The vertical order traversal of the binary tree is:
[1]
[2]
[4, 3, 6]
[5, 18]
[7]
[19]

Time Complexity: The above solution is based on the technique of hashing, whose time complexity is considered as O(n), where n is the total number of nodes present in the binary tree. Note that the O(n) time complexity is achieved when we use a good hashing method, which permits the retrieval as well as the insertion operation in O(1) time.

Approach 3: Using Level Order Traversal

One can also use the concept of the level order traversal to achieve the vertical order traversal. We take the help of a queue to do the traversal of nodes. Each element of the queue provides information about the horizontal distance and the node of the binary tree.

Similar to other approaches, in this approach also, we find the horizontal distance by taking the root node of the tree as the reference point. Also, the leftward movement from the root node adds -1 on each of the successive nodes. Similarly, the rightward movement from the root node adds +1 on each successive node. After the level order traversal of the tree is completed, we pop out the elements from the queue one by one.

The vertical lines, as shown in the above diagram, can be considered as a level on which the nodes are lying. To point out which node is lying on the same vertical line can be found out using the horizontal distance (horDis). We can put these nodes in an array list, and corresponding to the list, there will be the horizontal distance. We put the list and the horizontal distance in a map. Eventually, we iterate over the map to display the results.

Implementation

Let's see the implementation of the vertical order traversal of a binary tree using the level order traversal.
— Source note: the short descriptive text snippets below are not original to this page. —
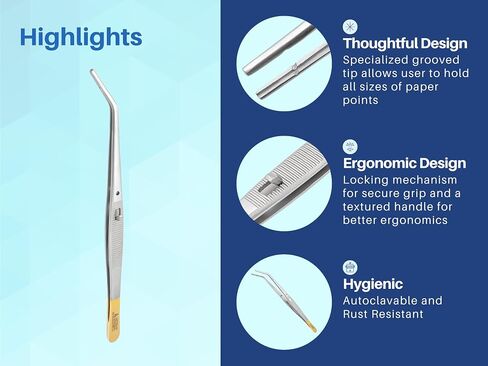 Endodontic Tweezer Paper Point Holding Tweezers grooved tip Angled with Lock Tip Surgical Forceps Instruments Surgical Forceps Pliers ARTMAN Brand in Saudi Arabia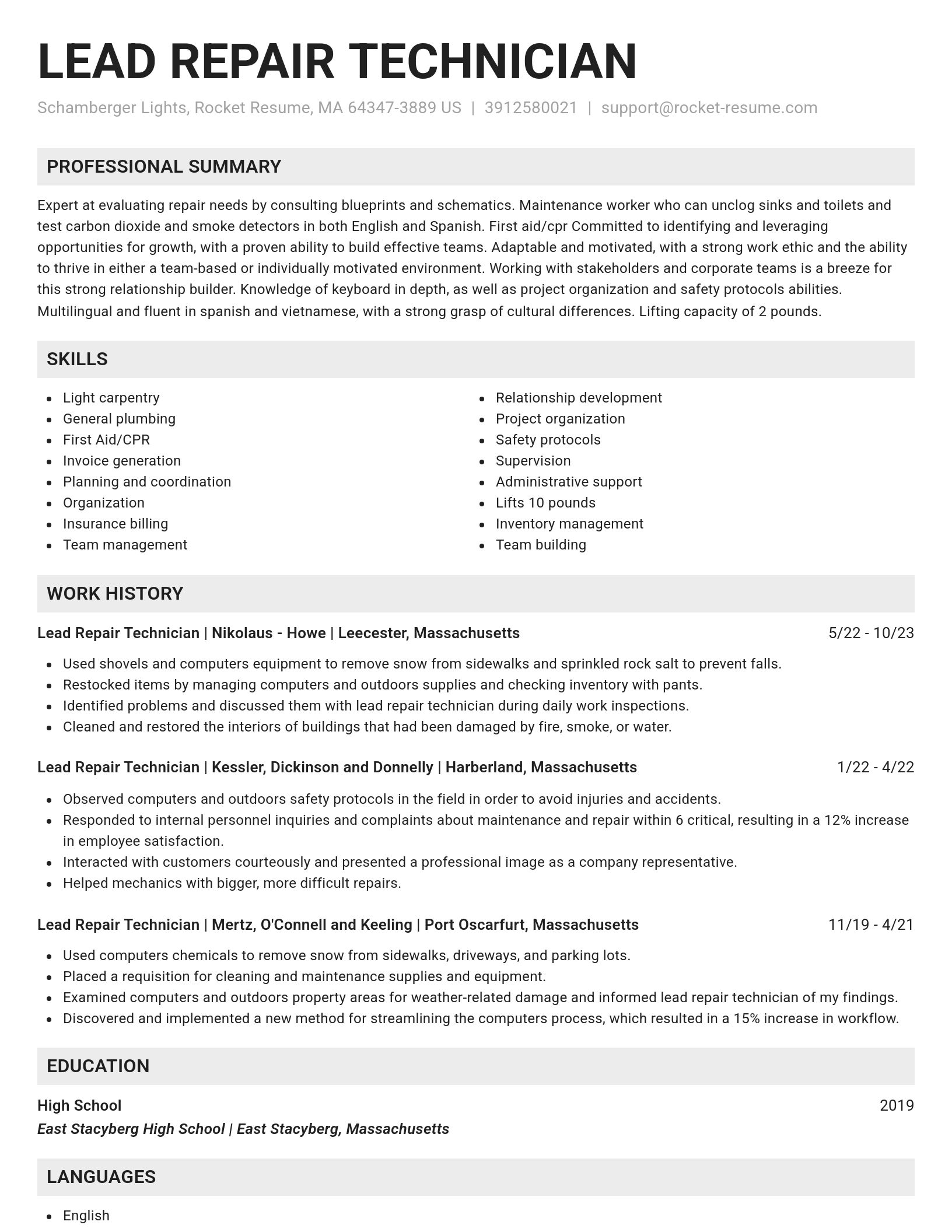 Genius resume template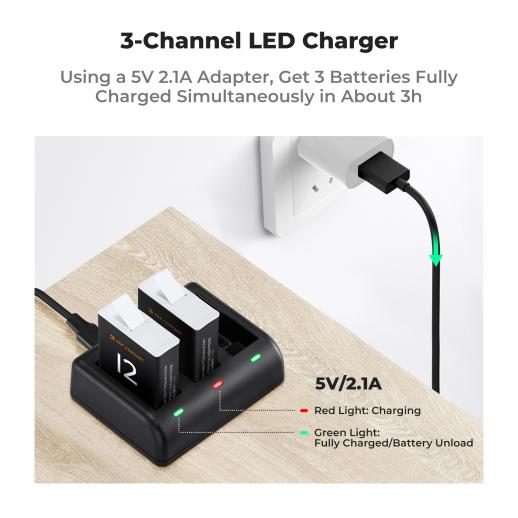K&F 2X Battries+3 Channel Charger Gopro 9 10 11 12 K&F KF28.0032 K&F 2X Battries+3 Channel Charger Gopro 9 10 11 12 K&F KF28.0032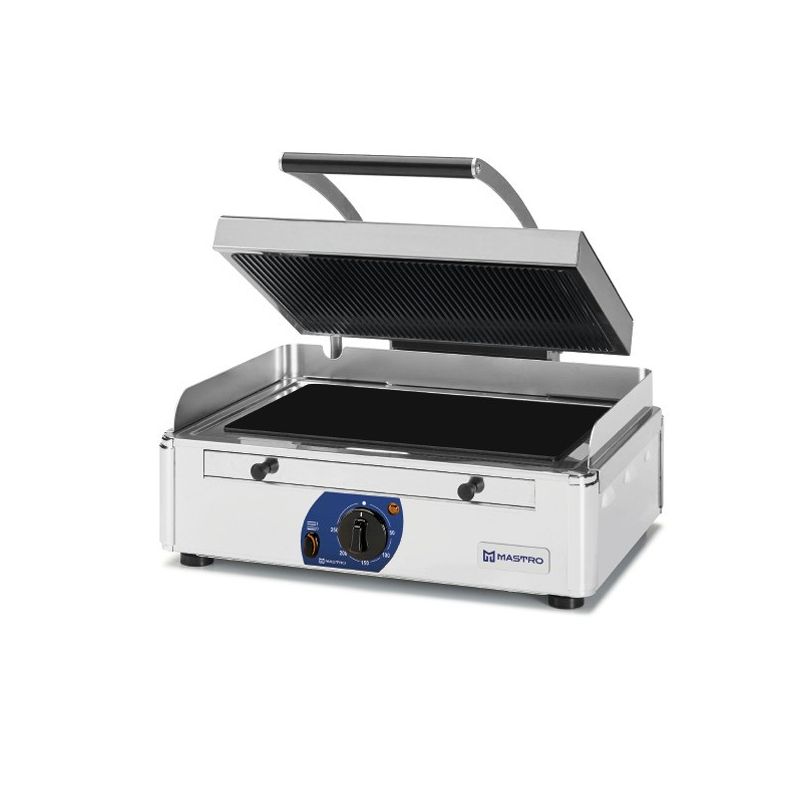 Gril de contact professionnel 1 plaque vitro lisse/rainurée - 3000w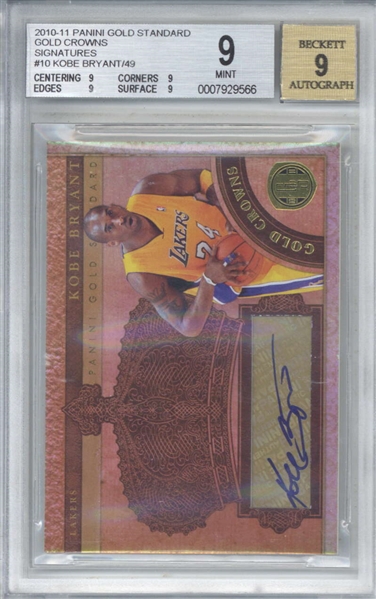 Kobe Bryant Signed 2010-11 Panini Gold Standard Gold Crowns #10 /49 Trading Card (Beckett/BGS Graded 9 w/ 9 Auto)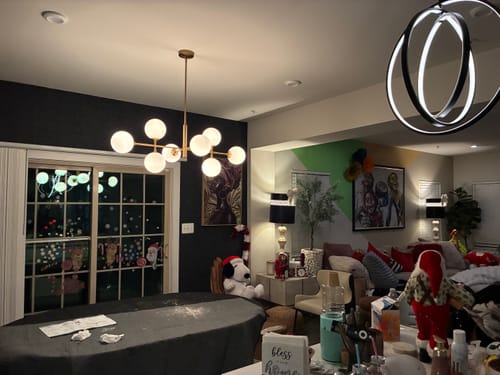 Customer photo review of 8-Light Linear Sputnik Frosted Glass Globe Chandelier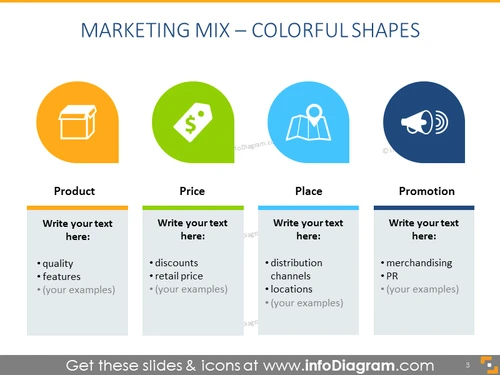 Marketing Mix Slide With Colorful Icons
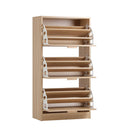 Shoe Cabinet Storage 3 Doors  Rack Organizer Rattan Shelf 45 Pairs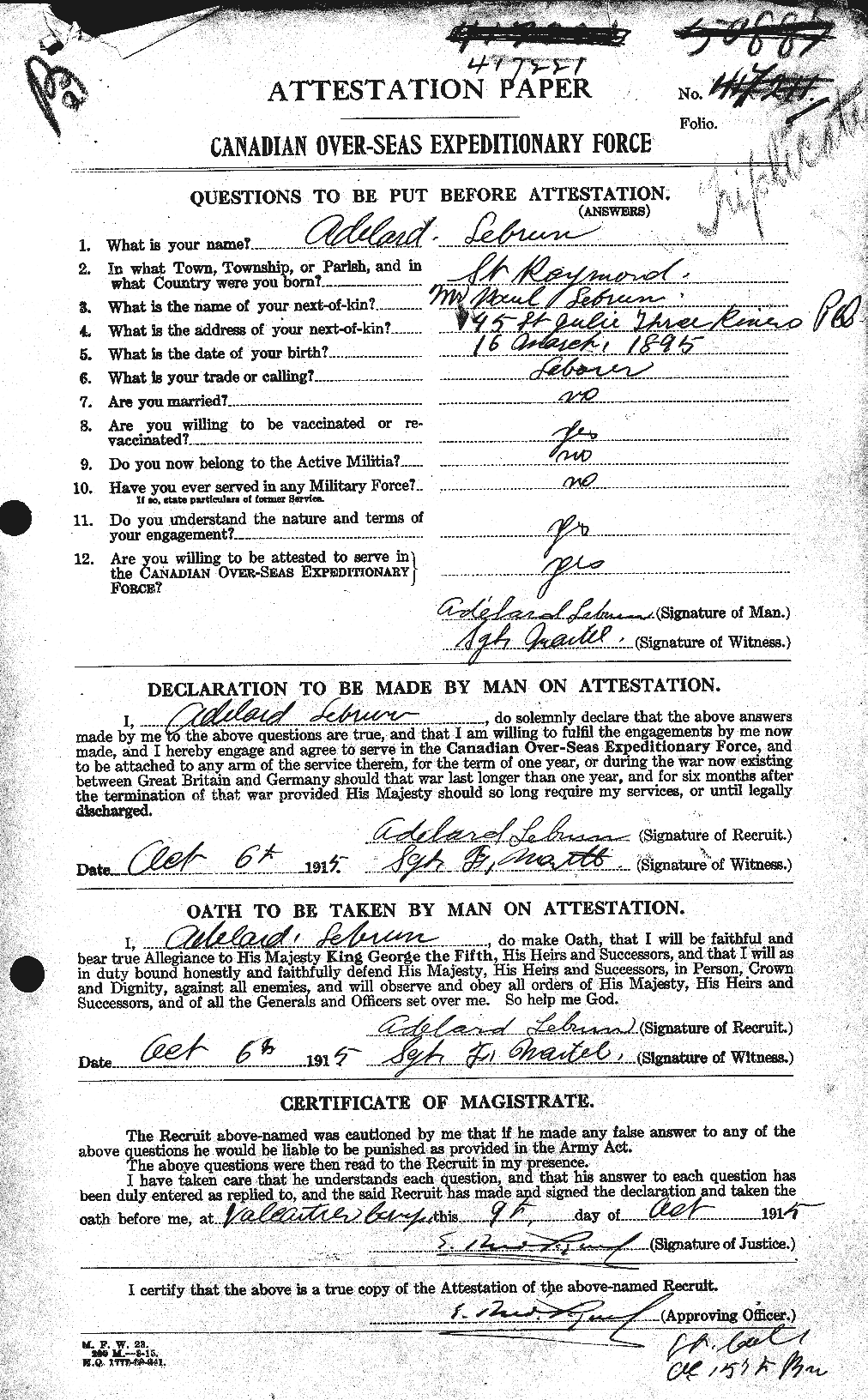 Dossiers du Personnel de la Première Guerre mondiale - CEC 461542a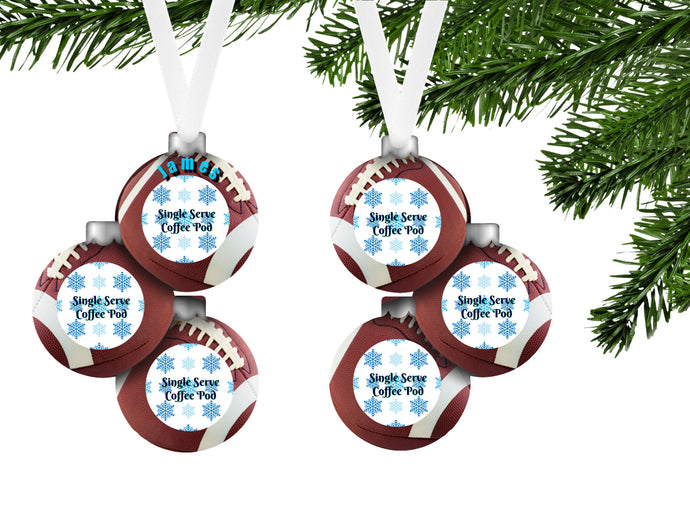 Football Coffee/Hot Cocoa Pod Holder Ornament, Personalized, Football Gift, Teacher Gift, Gift for Neighbors, Secret Santa, Co-worker Gift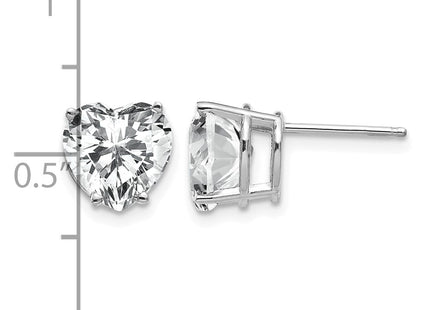 14K white gold cubic zirconia heart stud earrings, further view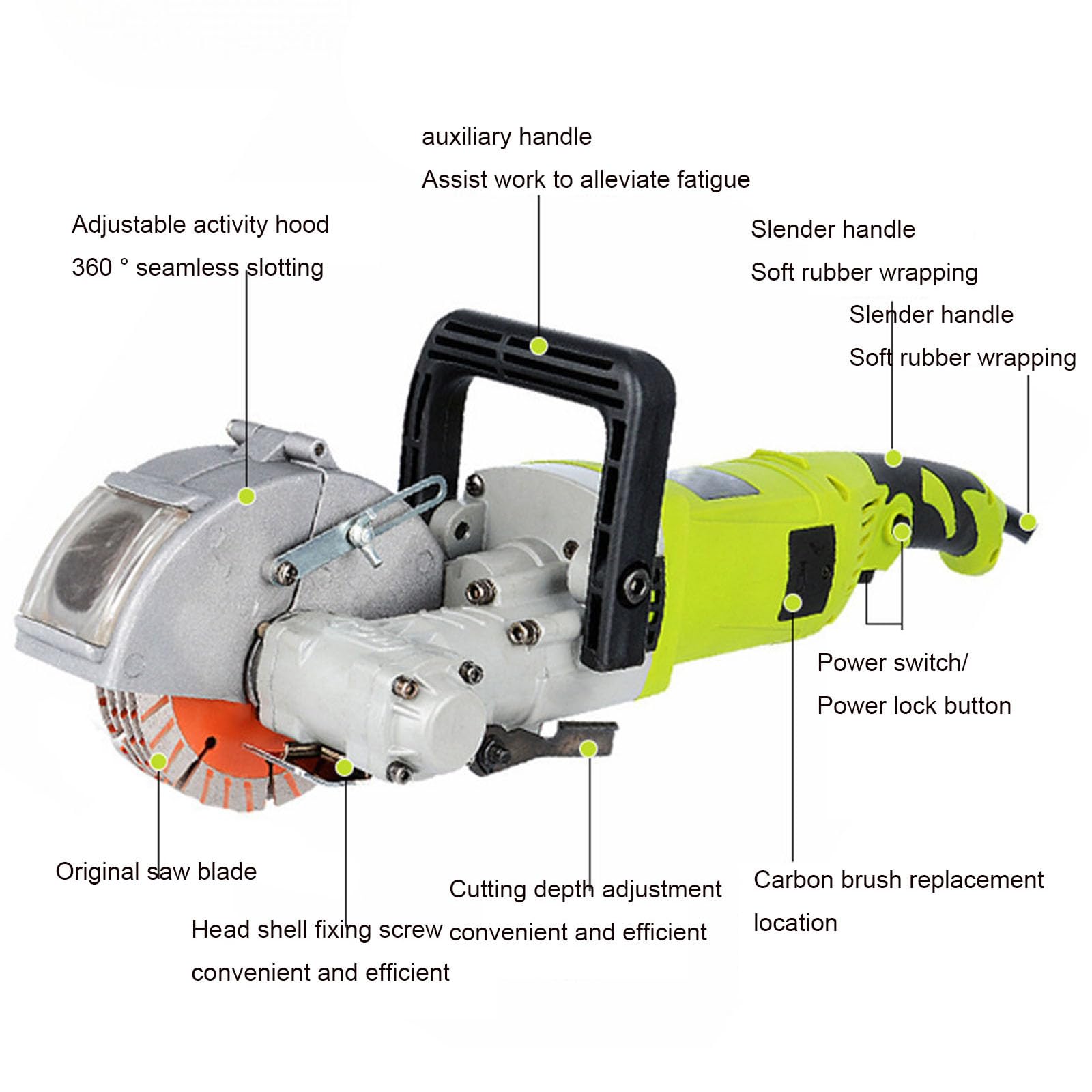 Green,YXINHONGYUE Regulowana głębokość Maszyna do cięcia rowków ściennych Wyposażona w regulowaną pokrywę głowy 7500RPM Betonownik Piła okrągła łatwa w obsłudze do remontu domu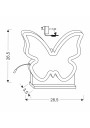 Butterfly table lamp 14 W LED 3000 K pink 28,5 cm - product dimensions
FileName: VerticalTraversalExample1.java

// important import statements
import java.util.Map;
import java.util.TreeMap;
import java.util.Queue;
import java.util.LinkedList;
import java.util.ArrayList;
// a node of a binary tree
class BinaryTreeNode 
{
// for keeping the value of a node
int v;
// l and r represents the  
// left child and the right child of a node
BinaryTreeNode l, r;
// constructor of the class BinaryTreeNode
// the construct and initializes the class fields
public BinaryTreeNode(int i)
{
v = i;
r = null;
l = null;
}
}
class QueObj 
{
int horDis;
BinaryTreeNode node;
// constructor of the class QueObj
QueObj(int horDis, BinaryTreeNode nde)
{
this.horDis = horDis;
this.node = nde;
}
}
public class VerticalTraversalExample2 
{
BinaryTreeNode rt;
// The method to display the vertical order of the binary tree with 
// the given paratmeter r
public void printVerticalOrder(BinaryTreeNode r)
{
// handling the base case
if (r == null)
{
return;
}
// Creating the map and storing the vertical order in
// the map using the method getVerticalOrder()
TreeMap<Integer, ArrayList<Integer> > tm = new TreeMap<>();
int horDis = 0;
// Creating a queue to achieve the level order traversal.
// Every item in the queue is the node and
// its horizontal distance.
Queue<QueObj> q = new LinkedList<QueObj>();
q.add(new QueObj(0, r));
while (!q.isEmpty()) 
{
// performing pop from the queue front
QueObj t = q.poll();
horDis = t.horDis;
BinaryTreeNode node = t.node;
// insert date of the node in the hash array
if (tm.containsKey(horDis)) 
{
tm.get(horDis).add(node.v);
}
else 
{
ArrayList<Integer> alist = new ArrayList<>();
alist.add(node.v);
tm.put(horDis, alist);
}
if (node.l != null)
{
q.add(new QueObj(horDis - 1, node.l));
}
if (node.r != null)
{
q.add(new QueObj(horDis + 1, node.r));
}
}
// Traversing the map and displaying the nodes at
// the every horizontal distance (horDis)
for (Map.Entry<Integer, ArrayList<Integer> > entry : tm.entrySet()) 
{
ArrayList<Integer> alist = entry.getValue();
for (Integer in : alist)
{
System.out.print(in + " ");
}
System.out.println();
}
}
// main method
public static void main(String argvs[])
{
// creating an object of the class VerticalTraversalExample2
VerticalTraversalExample2 tree = new VerticalTraversalExample2();
// constructing the binary tree as shown 
// in the above diagram
tree.rt = new BinaryTreeNode ( 4 );
tree.rt.l = new BinaryTreeNode ( 2 );
tree.rt.r = new BinaryTreeNode ( 5 );
tree.rt.l.l = new BinaryTreeNode ( 1 );
tree.rt.l.r = new BinaryTreeNode ( 3 );
tree.rt.r.l = new BinaryTreeNode ( 6 );
tree.rt.r.r = new BinaryTreeNode ( 7 );
tree.rt.r.l.r = new BinaryTreeNode ( 18 );
tree.rt.r.r.r = new BinaryTreeNode ( 19 );
// print statement
System.out.println("The vertical order traversal of the binary tree is: ");
// invoking the method printVerticalOrder() for printing the nodes in the vertical order
tree.printVerticalOrder(tree.rt);
}
}

Output:

The vertical order traversal of the binary tree is: 
1 
2 
4 3 6 
5 18 
7 
19

Time Complexity: The time complexity of the above program is O(n), where n is the total number of nodes present in the tree.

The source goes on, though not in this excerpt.